No solo la plantilla del negocio trabaja para la sostenibilidad, sino que son también los mismos clientes quienes deben acabar sumándose a las iniciativas ambientales. Así, empresas que en un principio solicitan platos de un solo uso para sus eventos, al entrar en contacto con “La patente”, inician un debate sobre la conveniencia de generar un exceso de residuos.

Desde el espacio gastronómico se les intenta convencer de que, como empresa, los beneficiará implicarse en valores de sostenibilidad. Y que también supondrá un ahorro, ya que disponen de un sistema de limpieza automático con ciclos de lavado muy rápidos, en los que se gasta un mínimo de agua, y de un equipo de personas que recogen que facilitará el uso de los platos y copas reutilizables. Así, además, los asistentes al acto acabarán teniendo la sensación de un servicio de calidad.

Este caso es extrapolable a buena parte de las situaciones que viven con los clientes, a quienes, amablemente, ofrecen pedagogía a todos los niveles. Si alguien no está acostumbrado a reciclar, la plantilla del espacio gastronómico le indica con amabilidad que dispone de cuatro papeleras para tirar correctamente los residuos. Y así, en todos los ámbitos de la sostenibilidad.

Las buenas prácticas se extienden más allá del ámbito ambiental y se pueden palpar en el mismo entorno laboral. Por ejemplo, en la apuesta por personal de edad avanzada, ya que son pocas las empresas que contratan trabajadores y trabajadoras de sesenta años. Pero, para “La patente”, se trata de personas que todavía tienen mucha energía y que, con su experiencia, toman mejores decisiones; más rápidas y meditadas.

Como proveedor turístico, “La patente” se enorgullece de hacer las cosas bien hechas y gracias a la certificación, sus integrantes se sienten con más confianza para difundir su sostenibilidad, ya que es una empresa externa quien garantiza estas buenas prácticas.

Y es que, en cierta manera, el sello Biosphere es como un diploma que da legitimidad en clave ambiental y social. Así, en esta empresa son conscientes de que, además de saber hacer bien su trabajo y aportar experiencias gastronómicas a los clientes, tienen unos valores que se les reconocen.

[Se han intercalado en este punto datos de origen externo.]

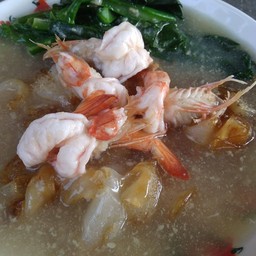 เส้นใหญ่ราดหน้ากุ้ง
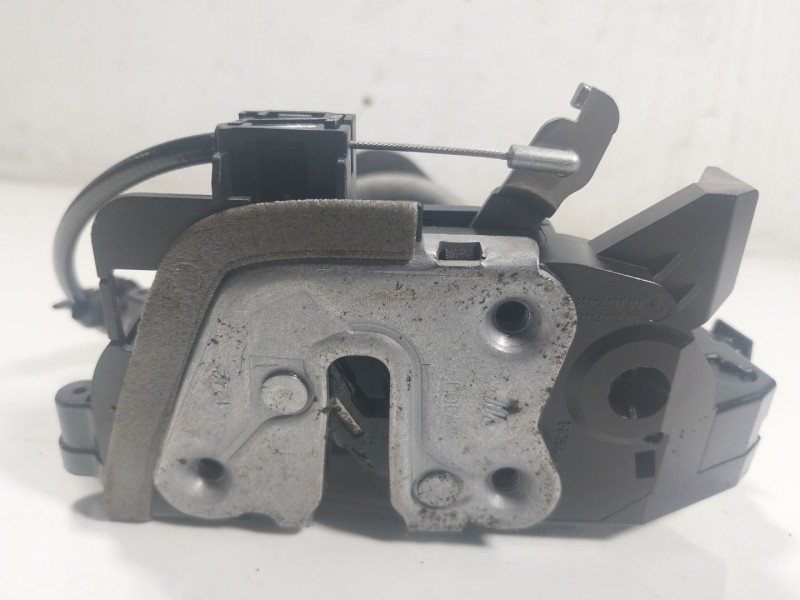 Recambio de cerradura puerta trasera derecha para renault captur ii 1.0 tce referencia OEM IAM  825021122R 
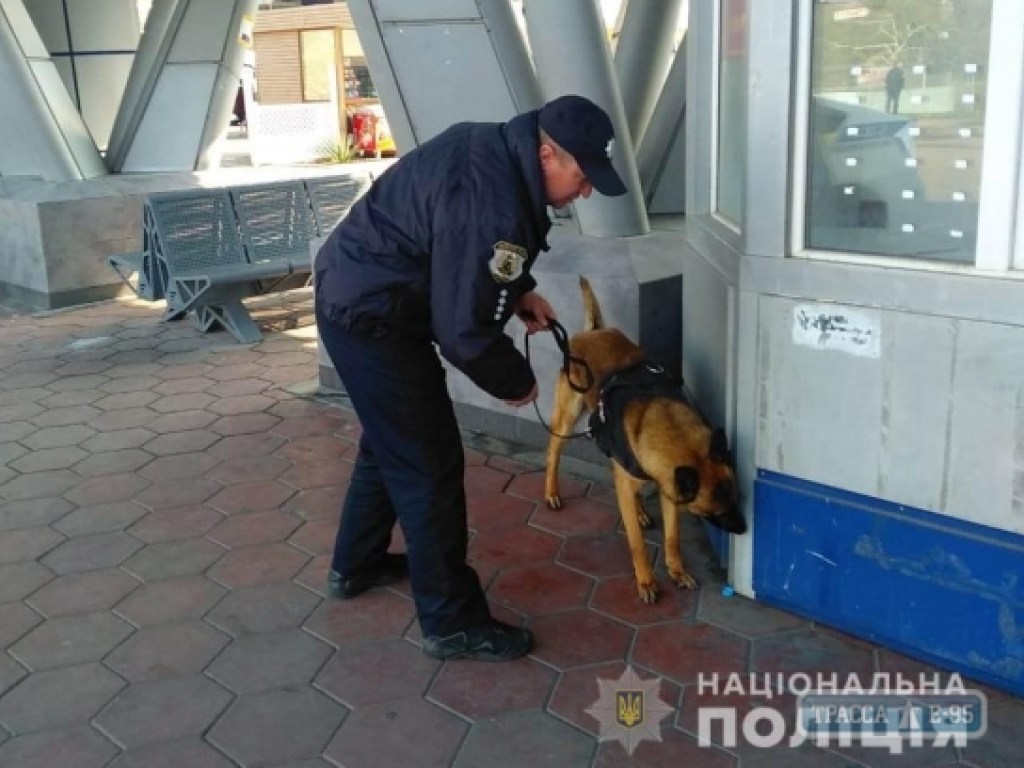 В Одессе серия лжеминирований: полиция получила уже 7 сообщений (ФОТО)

Además, todo el equipo se ha involucrado en esta iniciativa y lo vive con gran ilusión. El cliente también lo valora y se acaba creando una comunidad de personas que comparten las preocupaciones ambientales y sociales.

“La patente” lo tiene claro: ayudando al planeta nos ayudamos a nosotros mismos. Y no solo eso, sino que trabajar a favor del medio ambiente redunda en una satisfacción personal y, también, en un ahorro.